The current mainstream preparation methods can be categorized as physical and chemical methods depending on the occurrence of chemical reactions. Physical methods primarily include magnetron sputtering, plasma treatment, physical vapor deposition, and electron beam lithography, whereas chemical methods primarily include the hydrothermal method, the template method, electrochemical etching, and liquid phase stripping. Generally, physical methods have complicated processing conditions and high design costs. Through chemical methods, other dangerous chemical reagents can be easily introduced, hindering environmental protection. Therefore, these methods cannot be applied to all materials. Hence, a green, controllable, and material universal method is considerably important for the processing and applications of low-dimensional nanomaterials.

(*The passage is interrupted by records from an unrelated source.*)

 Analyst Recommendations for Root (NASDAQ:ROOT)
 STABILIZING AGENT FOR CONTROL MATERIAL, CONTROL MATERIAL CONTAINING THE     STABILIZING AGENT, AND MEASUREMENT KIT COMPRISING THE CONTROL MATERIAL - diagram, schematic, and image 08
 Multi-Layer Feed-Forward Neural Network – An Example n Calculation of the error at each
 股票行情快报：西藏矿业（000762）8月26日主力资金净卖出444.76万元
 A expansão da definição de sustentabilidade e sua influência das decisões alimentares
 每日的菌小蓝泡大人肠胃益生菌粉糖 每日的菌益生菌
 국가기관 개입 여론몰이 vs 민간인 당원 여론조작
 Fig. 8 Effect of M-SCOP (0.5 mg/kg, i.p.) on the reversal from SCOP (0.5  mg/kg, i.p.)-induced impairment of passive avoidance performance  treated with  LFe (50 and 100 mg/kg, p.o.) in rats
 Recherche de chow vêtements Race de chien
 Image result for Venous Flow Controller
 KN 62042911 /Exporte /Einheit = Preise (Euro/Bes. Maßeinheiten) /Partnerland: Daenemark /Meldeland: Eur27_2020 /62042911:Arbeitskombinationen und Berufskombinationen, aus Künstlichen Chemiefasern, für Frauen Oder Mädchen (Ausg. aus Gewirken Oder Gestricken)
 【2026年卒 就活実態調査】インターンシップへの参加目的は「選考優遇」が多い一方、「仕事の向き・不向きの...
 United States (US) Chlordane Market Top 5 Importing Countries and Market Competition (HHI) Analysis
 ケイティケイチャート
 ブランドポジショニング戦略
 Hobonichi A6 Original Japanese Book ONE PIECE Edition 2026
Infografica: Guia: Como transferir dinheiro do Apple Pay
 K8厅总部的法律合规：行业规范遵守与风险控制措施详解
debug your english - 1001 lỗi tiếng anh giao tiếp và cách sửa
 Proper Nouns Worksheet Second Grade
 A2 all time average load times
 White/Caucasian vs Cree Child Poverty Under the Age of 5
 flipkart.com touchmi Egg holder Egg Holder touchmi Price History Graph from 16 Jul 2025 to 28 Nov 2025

Laser processing is a flexible, controllable, and environmentally friendly manufacturing method, which prefers loose processing conditions (no need for high temperature or pressure). Unlike traditional lasers, femtosecond lasers exhibit ultrashort pulse widths, ultrahigh instantaneous power density, and nonlinear processing, resulting in the reduced heat effect, higher processing precision, and the clearer edge of the nanomaterial. They can process almost all types of materials (metals, semiconductors, dielectrics, etc.) and process transparent materials internally. They have unique advantages with respect to the preparation and precision processing of low-dimensional nanomaterials, which are conveniently aimed at targeted position and patterned nanomaterials. Therefore, they are always used to fabricate or process diversified, multiscale, high-precision functional nanomaterials.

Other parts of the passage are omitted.